I feel like I'm in catch-up mode, trying to stay afloat.
Not that things have gotten bad (though Cillian has had a few fussy days), but time is going by so fast & there are just not enough hours in the day.
One thing I have never gotten behind on: LAUNDRY. Thank God for that, because no one in this house has an extensive wardrobe! I've remained on top of the laundry, and truthfully, most of the housework.
Thank You Notes:
I'm almost current on this one. I mailed most of them out, but have a few more to go. It's been over-whelming just how generous people have been. Such a blessing!
School Stuff for Aidan:
I'm staying afloat here, as well. Can't let him get behind. We didn't stay on top of his oral reading as much, but we're getting back there.
School Stuff for Brennan:
I tried to do a Leprechaun craft w/ him today, and he insisted he couldn't color. I didn't fight that battle too long (even though he CAN color). I know Brennan has been getting to watch too much tv lately. It seems when he & I get started on something, Cillian needs to nurse or requires a diaper change. I feel bad for Brennan, like he's not getting enough one-on-time right now. Thankfully story time at the library starts back up tomorrow. That will be good for him.
This makes me wonder...how do homeschooling moms do it?
ME:
I'm a bit deprived of some solid sleep. That's pretty much a "duh" thing for a parent of a newborn.
I'm working on eating healthier & writing down whatever goes in my mouth. I don't feel fully motivated yet, though you'd think I would by looking at me. My stomach is gross. I hate mirrors. AND my double chin/fat face.
That being said, I am considering returning to Weight Watchers on Saturday. They normally want you to wait until 5-6 weeks pp, but I feel ready to go back, and my milk supply is not lacking. I think getting the health-focus back would only be good for me.

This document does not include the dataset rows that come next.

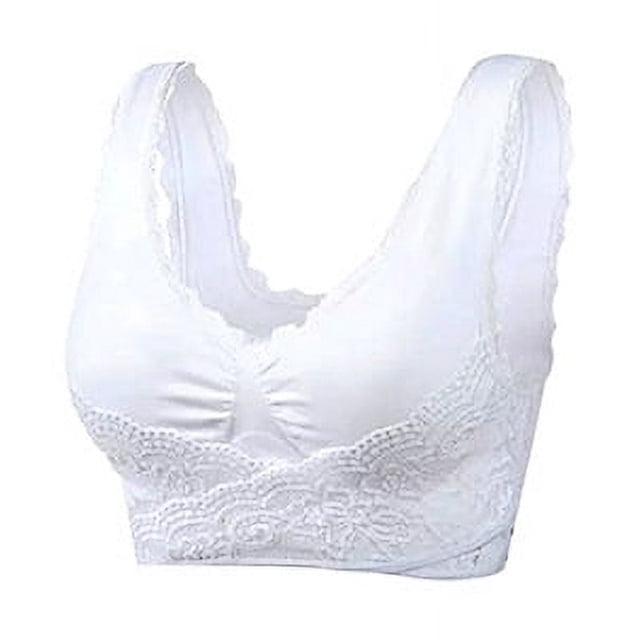 Sujetador deportivo push up de mujer con parte delantera ajustable y escote en V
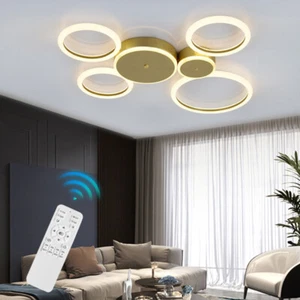 Kitchen Ceiling Lighting Ceiling Lamp LED Home Lights Bedroom Gold Ceiling Light - Picture 1 of 10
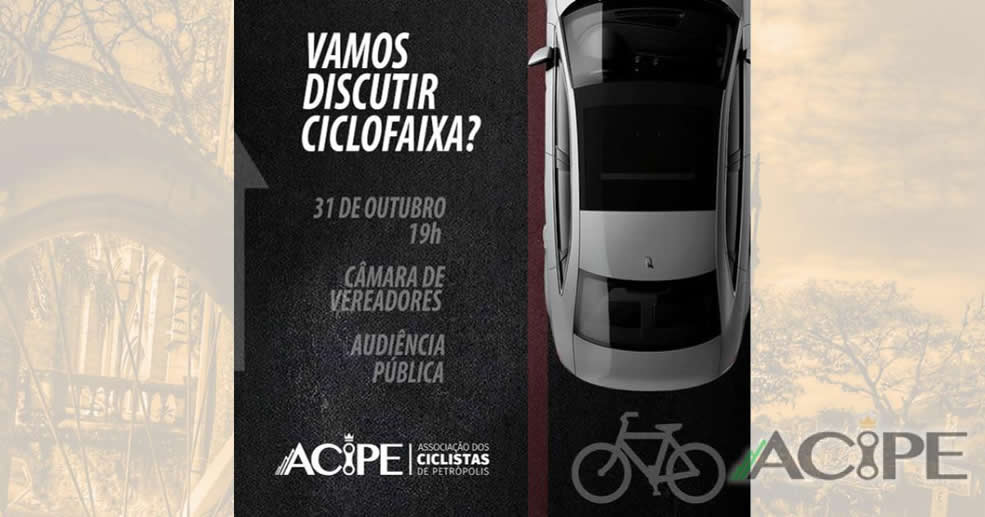 Audiência pública debate hoje a ciclofaixa da Avenida Barão do Rio Branco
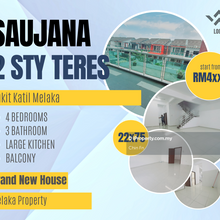 Big 22 x 75 Brand New 2 Sty Terrace  Saujana Tehel Bukit Katil  Melaka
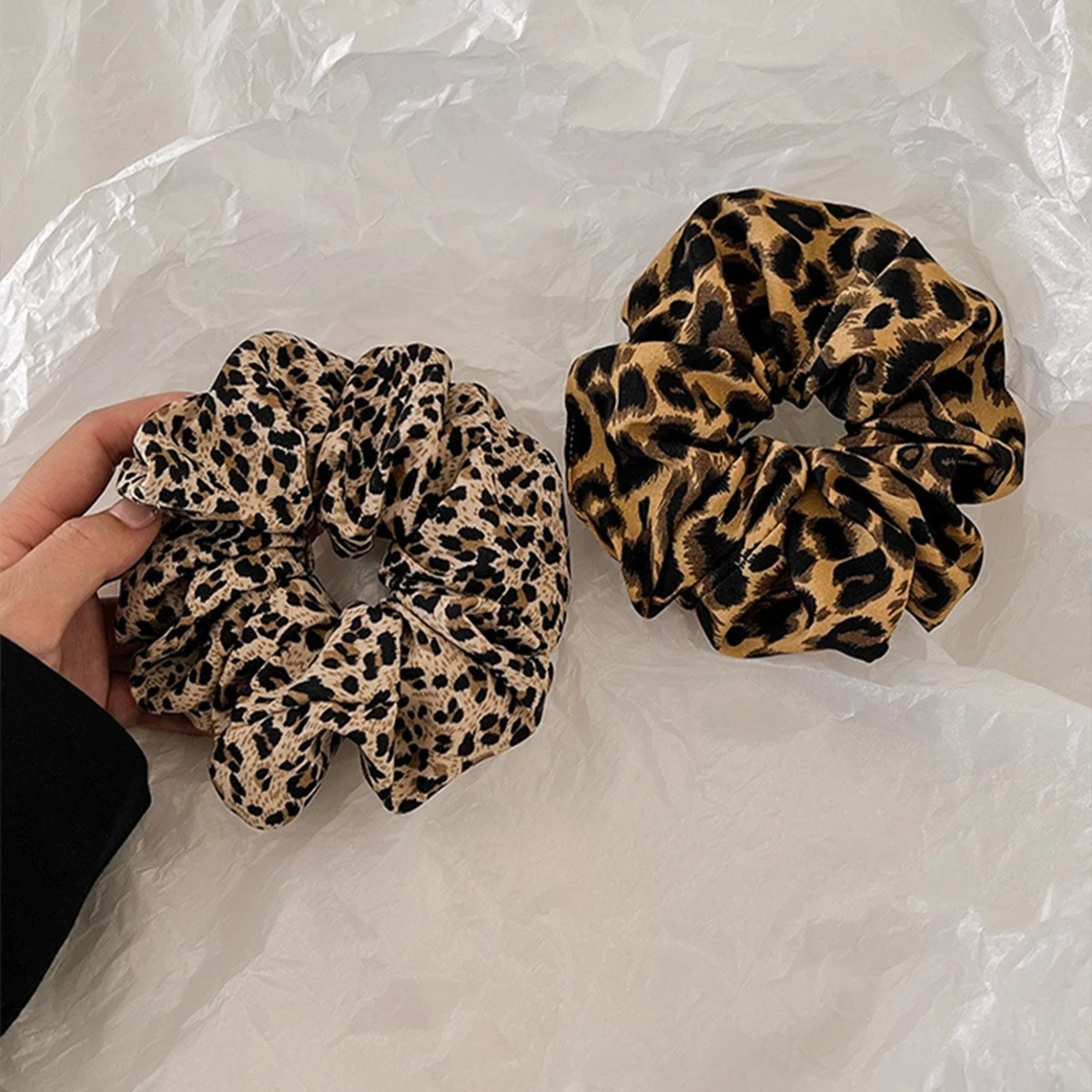 1PC Headband Printed scrunchie Headband High Elasticity Elastic headband ponytail holder elegant female hair accessories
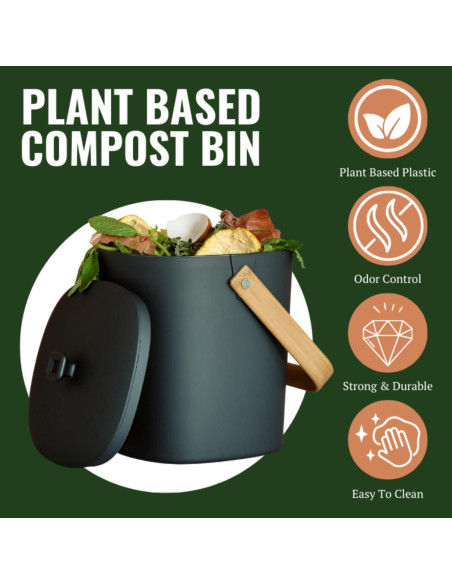 Contenedor de Compostaje Bamboozle 3,63 kg Grafito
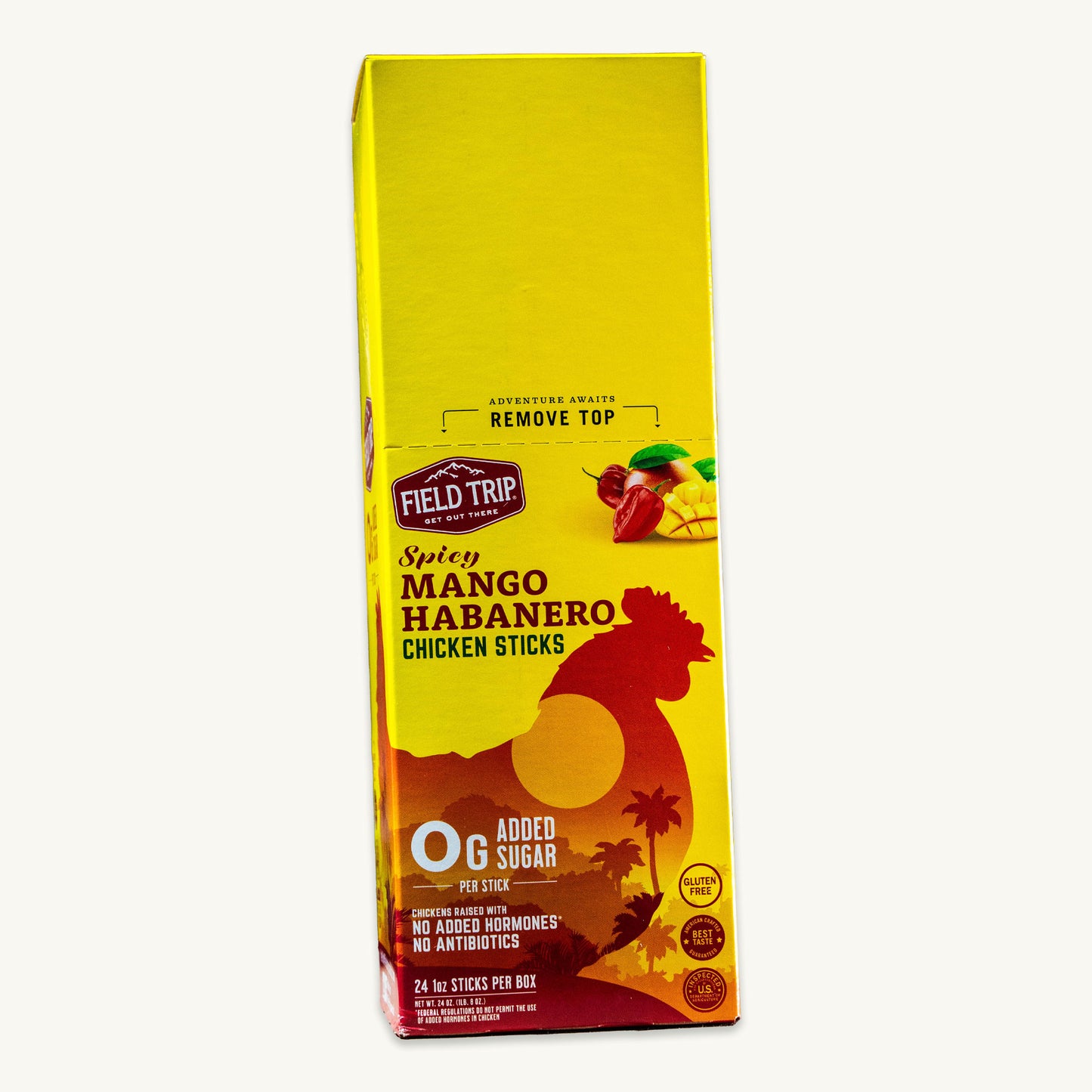Field Trip Spicy Mango Habanero Chicken Jerky Sticks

Still no real exercising for me. I'm really trying to listen to my body's cues, but it's so very frustrating. I WANT to be out there power-walking. I WANT to be doing the Shred and Last Chance Workout. I miss using the weights and pushing it to the limit. But...my body just isn't ready yet. I'm frustrated and feeling impatient with that.
Husband:
Does anyone else feel this way...that when you have a newborn in the house, you almost become roommate-status with your spouse? Time just blurs and goes by with so many demands those first few weeks. I find it hard, and I miss Pat. He's here, of course, but the nature of our time together isn't relaxed yet. We're still learning the "new normal" and it takes some time. And for that, I do feel slightly vulnerable & that I miss him.
GOD:
I can't believe Lent starts this week! I don't think I'm ready, but ready or not, here it comes. We did go to Mass as a family this weekend. Pretty good considering we didn't take either boy to Mass at that age (2 weeks old). The rest will come...I suppose right now I can offer up the sleepless times for those who need the prayers!
I'm catching up. Learning who I am as a mom of 3 boys now.
I hope I'm doing a decent job, and not to look like a wreck to the world.
With God's help my efforts will increase, and I will stay on top of all that needs to get done.